I have several of these groups. In an interesting approach, this article is referring to the employee petitioning the employer to set up a small group plan that benefits the employee in this case. Not bad, compared to employer needing to pay at least 50% of employee premium under most small group rules, as well as minimum participation rules.
Re: employee with pre-tax premiums. If the employee covered isn't the owner, what they are referring to is that that under the ACA rules for this small group exception, the employer is not required to contribute to the employee's premium. The employer can set up payroll deduction (since the insurance carrier's bill to the employer for employee coverage must be paid by the employer as the plan sponsor) and it's a stretch on pre--tax, because it's probably referring to IRS rules for cafeteria plans, a "Premium Only Plan" specifically. That adds a bit of administrative burden to the employer to avoid violating the IRS rules and of course, ERISA is involved too. They would need a summary plan description, and follow all employer benefit plan laws applicable to their size. There are payroll services who have value added programs to administer cafeteria plans and some FMO's, like the one I use for most groups, have a program to offer small employers these compliance services for reasonable fees.
The employer usually can't pre-tax their own insurance premiums if they are insured on the plan, but that's a question for their tax professional to confirm.
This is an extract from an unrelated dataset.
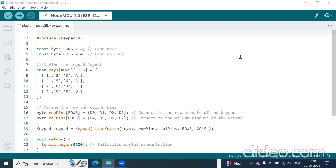This is an experiment to interface a 4x4 keypad with NodeMCU and display the keypad inputs in the serial monitor. For this experiment, you will need to use a library to simplify the process.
OMG! Thank-goodness the ObamaCare client who called me about this seemingly magic "new" health insurance option, changed her mind!

The husband is the owner of the corporation and is also the only employee of the corporation. She "helps" him, but is not officially on the company payroll.

ObamaCare premiums and Out-of-Pocket $$$ has increased so dramatically, that a lot more people are desperate to get away from it. Especially those like my client (family of 4) who earn too much for income for Premium Tax Credits.

Thank-you for the thorough and informative reply, YorkRiver1 !

-Allen
 
This isn’t new.

It’s a 1 person group. If a wage and tax exists, you can do pretty much whatever you want, EXCEPT if it’s husband/wife.

If it’s husband/wife, it’s a carrier specific question, even with the wage and tax.

I have about 75 of these, primarily because TX only has HMO for individuals and this is the way to get a PPO.

I’d call a small group rep at BCBSIL and get the steps for 1 person groups and see if they do husband/wife groups.

Hey KGMom! As usual, you're 100% correct. The annual Illinois BCBS Open Enrollment webinar did a decent job of explaining how it works.

For Husband/Wife, it works if they are legally "business partners".

On a side note, it's horrible what our Illinois (damn Blue State!) governor did to Short Term Medical plans this year. Max duration = 6 months, and can't re-enroll with the same company when the 6 months expires.